Weavr Innovator Sandbox Environment

Terms of Use

  1. Weavr provides an open and publicly accessible cloud-based platform that connects payment networks and payment service providers and makes available software tools enabling the innovators of payment services to define, deploy and use pre-configured digital payment flows in their products and services.
  2. Weavr enables businesses to build and test payment solutions in a realistic environment in which the functionality and utility of the solution can be tested but without exposure to the usual risks and costs associated with the live online commercial setting. We call this our “Sandbox Environment”.
  3. These terms apply to the use of the Sandbox Environment and by accessing the Weavr Platform and System you are agreeing to these terms.  Should you wish for access to the Live Environment and Payment Services you will need to register for a Live Account and agree to additional terms.

1. SANDBOX ENVIRONMENT

With your acceptance of these terms we are granting you access to a dedicated Sandbox Account, and to the Sandbox Environment. You must not share your access credentials with any other party. Doing so will constitute a material breach of this agreement.

1.1. ACCESSING AND USING THE SANDBOX ENVIRONMENT

1.1.1 In the Sandbox Environment we enable you to access our test technology platform via our approved APIs to configure, build, integrate and test your preferred payment service for embedding in your Application.

1.1.2 You agree to use the Sandbox Environment only for the purposes of developing your Application in accordance with all applicable laws and these terms of use.

1.1.3 We make no commitment that our Sandbox Environment is suitable for your particular purposes nor do we undertake that it will meet any availability criteria.
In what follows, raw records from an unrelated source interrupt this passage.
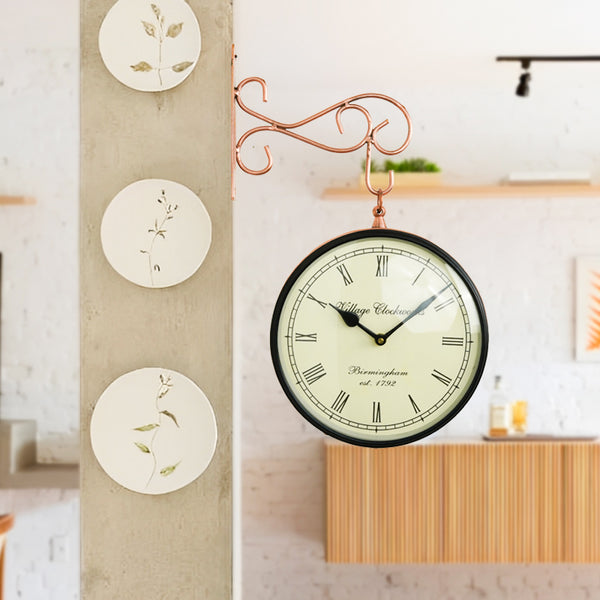 Buy Mandora Double Sided Station Clock Wall Clock from Vaaree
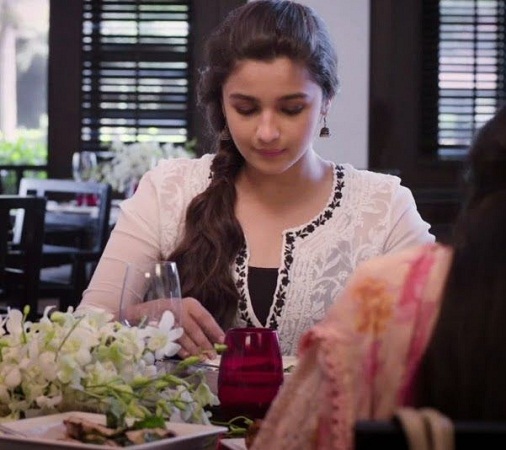 Alia Bhatt In Chikan Work Kurti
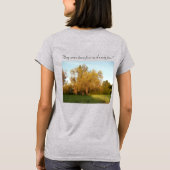 ゴールデン秋サウザンドオークスパークツリー Tシャツ (裏面)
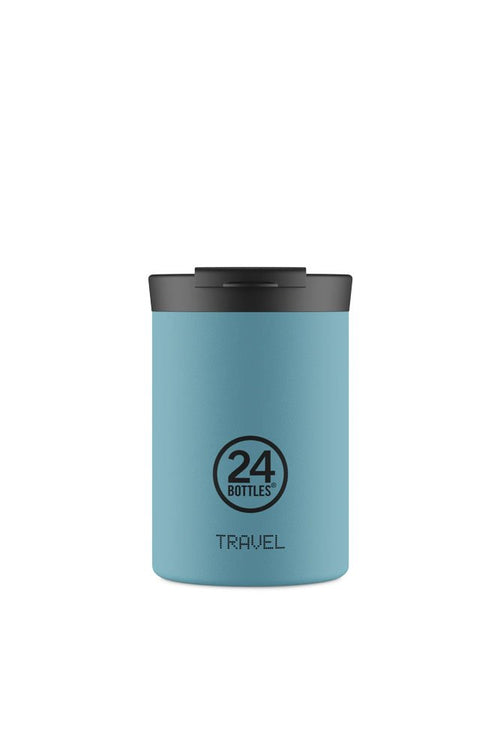 Mug isotherme Travel Tumbler en inox 'Powder blue' | 24 Bottles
It is provided to enable you to make your own assessment of our functionality and the viability of your use of the available payment services for your business requirements.

1.1.4 Access to the Sandbox Environment is provided at no charge but if you exceed what we consider are reasonable levels of use of our APIs we may block any further API access for a period which we determine as suitable.

1.1.5 We may suspend or terminate your access to the Sandbox Account and (by extension) to the Sandbox Environment at any time and for any reason, including but not limited to:

     i. you using the Services in the Sandbox Environment for any purpose that in our reasonable opinion is in breach of any applicable law or which may         damage the reputation of our business or that of any of our Service Partners;
     ii. you failing to comply with any of these terms or any reasonable instruction we may issue;
     iii. you withholding information which can reasonable be considered to be relevant in our granting you access to the System;
     iv. your usage generating system loads that are materially higher than that required for testing, and/or resulting in material negative impact on the           performance of the Sandbox Environment.

1.1.6 Your attention is drawn in particular to clause 2.4 ii, prohibiting any attempts to reverse engineer the Weavr Platform and the overloading of the Services and/or System through inappropriate use.

1.2. PAYMENT MODELS

1.2.1 Within the Sandbox Environment you can choose from our Payment Models which provide specific and configurable payment solutions. These can be configured by you and accessed from outside the Weavr system (and the Security and Compliance Perimeter) using the appropriate API key.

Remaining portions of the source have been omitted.